### WHAT IS REQUIRED
Only the lines from the one containing "RE : RE:[이동동물]라호르 피죤 &amp; 인도 소라게 이미지" to the end of the data below belong in the answer, each repeated exactly; no pictures.

### Image-text web data
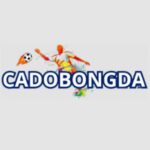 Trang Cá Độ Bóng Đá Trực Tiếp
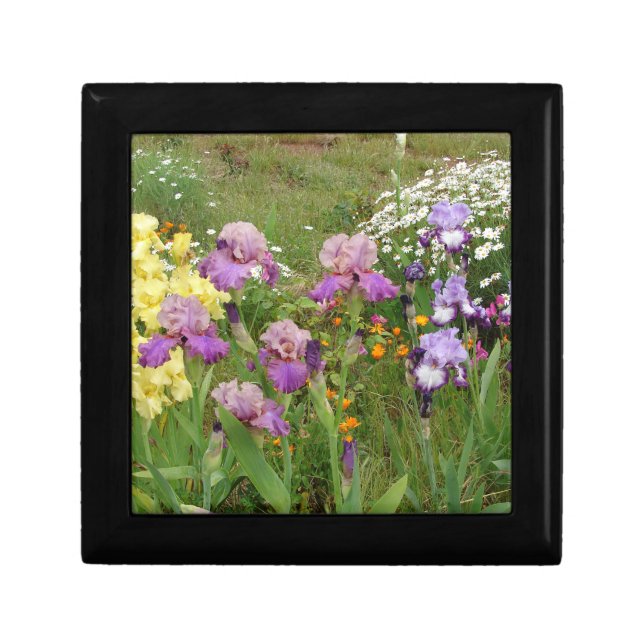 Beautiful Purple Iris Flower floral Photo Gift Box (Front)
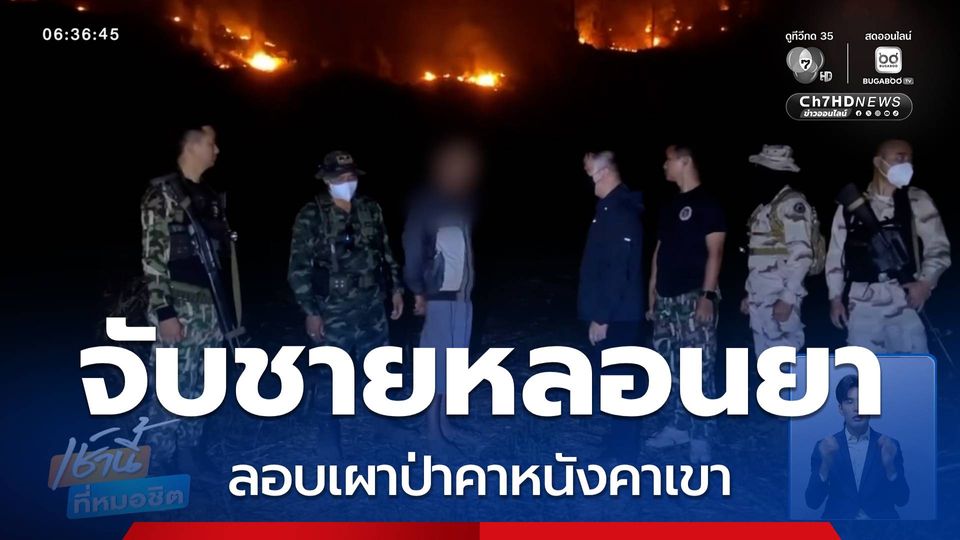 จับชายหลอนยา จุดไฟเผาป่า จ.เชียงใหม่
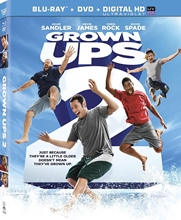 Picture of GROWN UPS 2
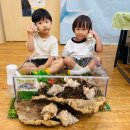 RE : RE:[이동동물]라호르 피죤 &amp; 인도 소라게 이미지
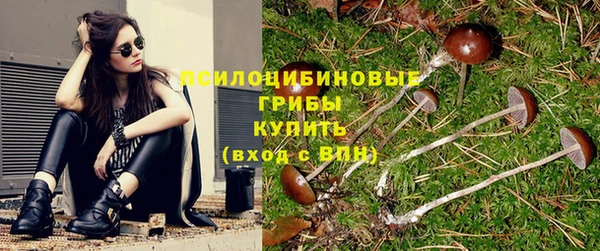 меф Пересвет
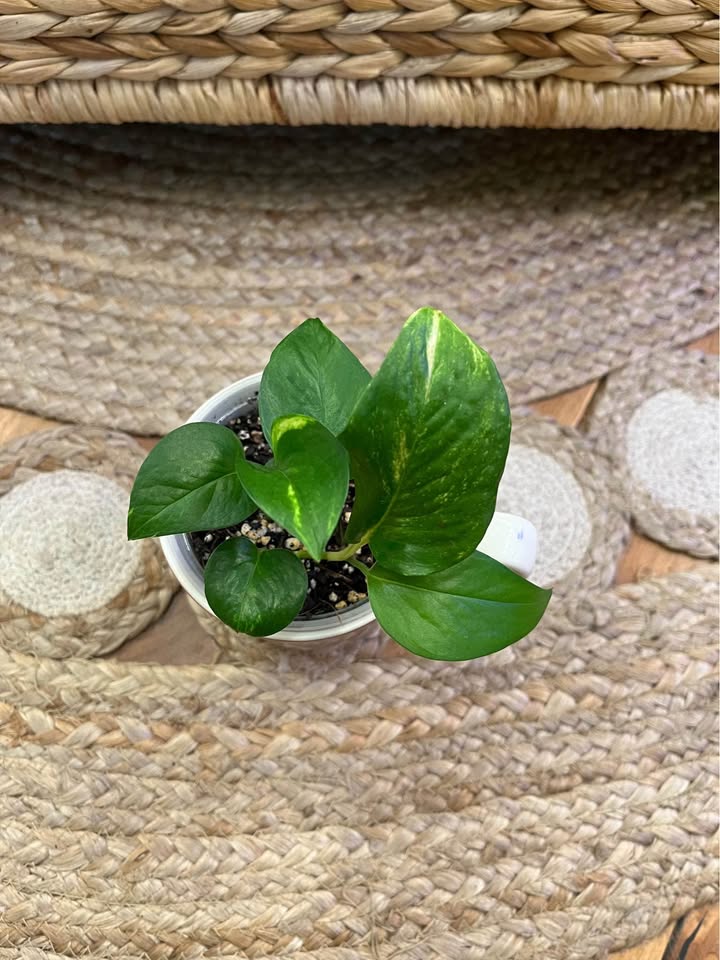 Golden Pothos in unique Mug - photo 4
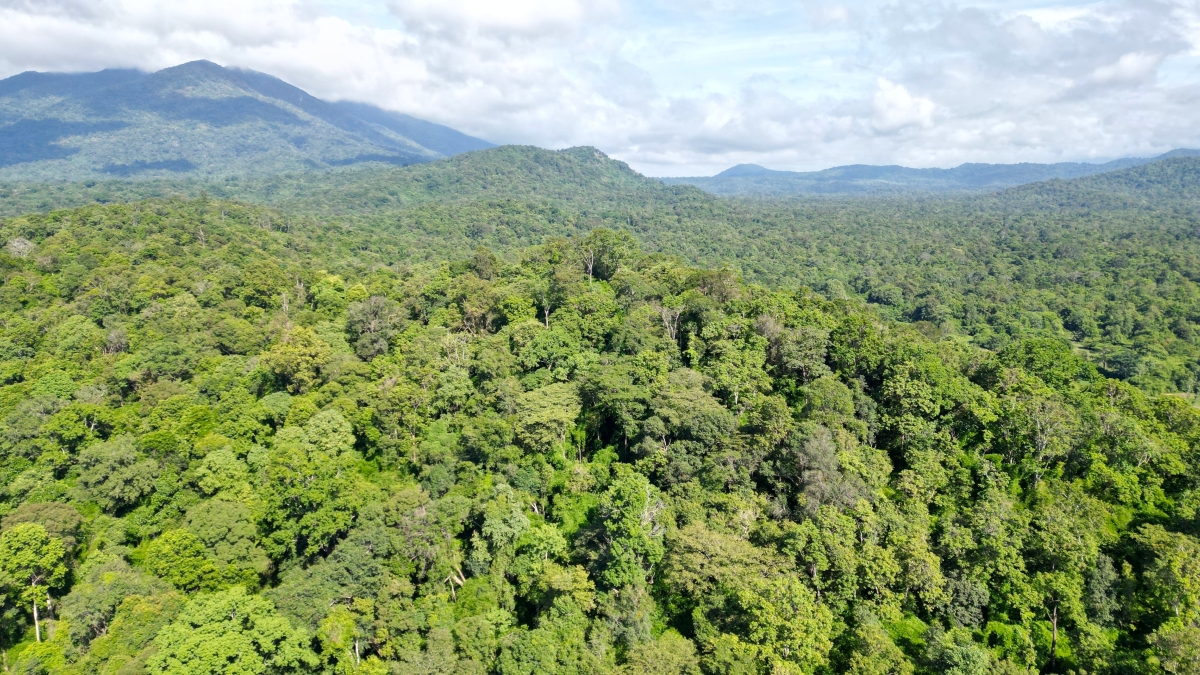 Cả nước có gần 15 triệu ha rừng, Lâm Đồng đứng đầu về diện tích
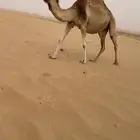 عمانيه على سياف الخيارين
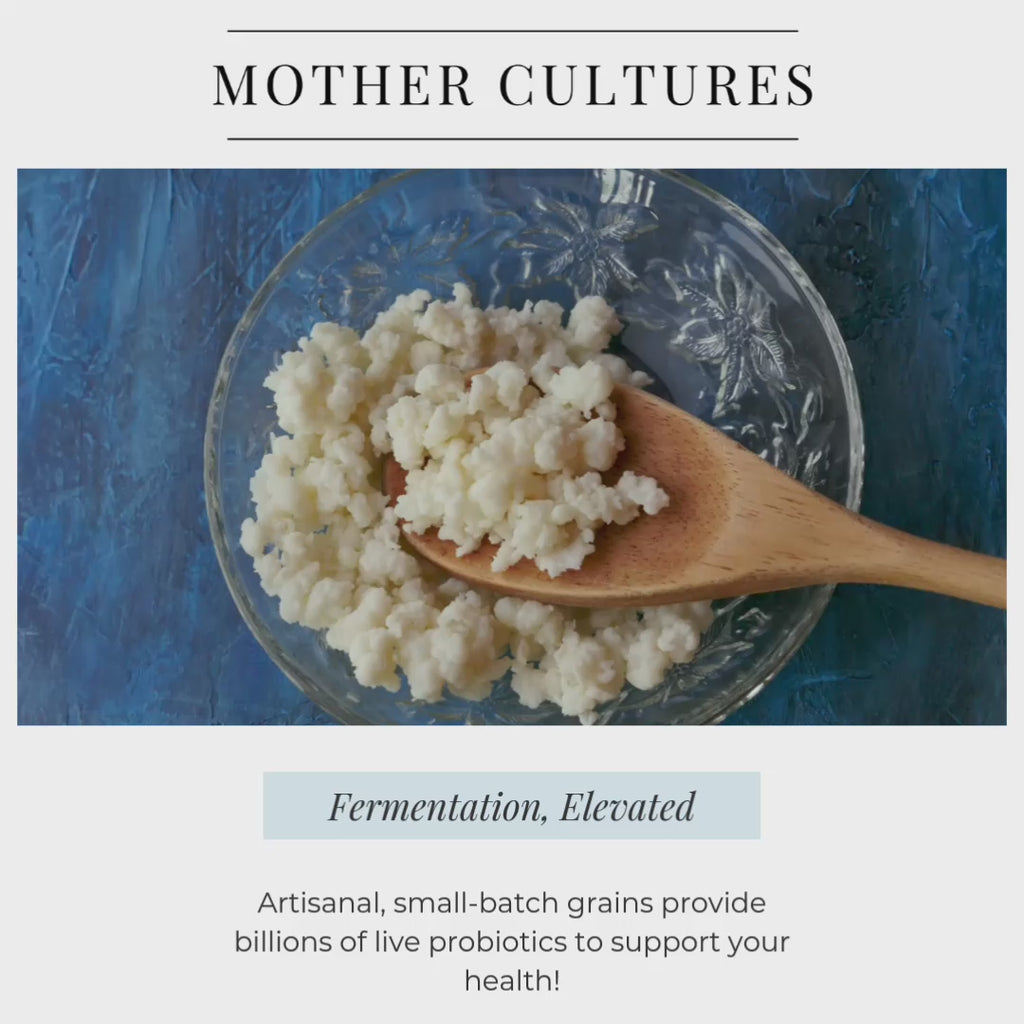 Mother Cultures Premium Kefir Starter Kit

### ANSWER TO THE PROBLEM
 RE : RE:[이동동물]라호르 피죤 &amp; 인도 소라게 이미지
 меф Пересвет
 Golden Pothos in unique Mug - photo 4
 Cả nước có gần 15 triệu ha rừng, Lâm Đồng đứng đầu về diện tích
 عمانيه على سياف الخيارين
 Mother Cultures Premium Kefir Starter Kit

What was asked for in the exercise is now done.